Dans le scénario avec électrification, les énergies renouvelables intermittentes produiront quelque 179 TWh par an en 2050, soit environ 77,5% de la production d'électricité en Belgique. L'énergie nucléaire, avec une capacité de 6 GW, produira quelque 41,8 TWh par an, soit 18,5% du mix électrique belge.

Émissions de CO2 par scénario
Atteindre la neutralité carbone n'est pas aussi évident pour tous les secteurs. Bien que l'objectif de l'étude soit de voir comment atteindre la neutralité carbone d'ici 2050 au moindre coût, il faut tenir compte du fait que dans chacun des 3 scénarios, quelque 2 millions de tonnes de CO2 seront encore émises chaque année, principalement par des processus industriels très difficiles à décarboniser. Ces 2 millions de tonnes devront donc encore être éliminées de l'air d'une autre manière, par exemple par captage direct dans l'air (DAC) - dans notre pays ou ailleurs.
Le secteur de l'électricité est un secteur qui atteint une neutralité carbone totale dans chacun des trois scénarios. C'est dans le scénario d'électrification que cela se passe le plus vite. Dès 2030 et 2040, les émissions de CO2 de ce scénario sont beaucoup plus faibles que celles des autres scénarios. Et n'oublions pas ce que le GIEC nous a déjà appris : chaque réchauffement et chaque année comptent. Pour le climat, une décarbonisation plus rapide du secteur de l'électricité est certainement souhaitable.

Prix de la production d'électricité par scénario
Le modèle utilisé par Energyville permet également de connaître les coûts de production de l'électricité, y compris les éventuelles importations en provenance d'autres pays de l'UE. Ces coûts de production peuvent être considérés comme une indication du prix de gros de l'électricité.
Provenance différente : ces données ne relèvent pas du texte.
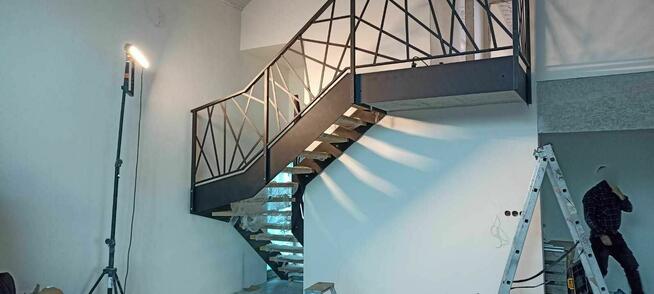 Schody, balustrady, stopnie schodowe.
Il convient toutefois de noter que ce n'est pas le prix que paieront les consommateurs, car le prix de l'électricité pour l'utilisateur final est toujours soumis à des taxes et à des surtaxes, ainsi qu'à des coûts de transport et de distribution.
Dans chacun des 3 scénarios, les coûts de production atteignent un pic en 2025 en raison des prix élevés du gaz naturel, puis diminuent à nouveau grâce aux investissements dans les capacités de production renouvelables.
Dans le scénario d'électrification, le prix de production de l'électricité est le plus bas, grâce à la capacité supplémentaire de l'éolien en mer (à partir de 2030) et des nouvelles petites centrales nucléaires modulaires (SMR), prévues dans cette étude à partir de 2045.

« Le scénario avec des Small Modular Reactors est le seul qui permet de réduire notre dépendance à l'égard des importations d'énergie, de limiter le besoin de capacités supplémentaires et d'aboutir à la neutralité climatique à des coûts plus bas »
Peter Claes, directeur de Febeliec
Conclusion
Chacun des trois scénarios étudiés aboutit à une Belgique (presque) neutre sur le plan climatique d'ici à 2050, mais le scénario d'électrification reposant sur l'éolien offshore (en mer) et le nouveau nucléaire (sous la forme de petits réacteurs modulaires ou SMR) est la voie la plus économique. En outre, c'est aussi le scénario où les émissions de CO2 pour la production d'électricité diminuent le plus rapidement et où ce secteur atteint la neutralité carbone le plus vite.
Febeliec, le demandeur de cette étude, appelle donc les décideurs politiques à garder toutes les options technologiques ouvertes et à prendre la voie la plus économique. « Le scénario avec de petits réacteurs nucléaires modulaires est le seul qui permet de réduire la dépendance de la Belgique à l'égard des importations d'énergie, de limiter le besoin de capacités supplémentaires et d'aboutir à la neutralité climatique à des coûts beaucoup plus bas », a déclaré Peter Claes, directeur de Febeliec, la fédération des grands consommateurs industriels d'énergie.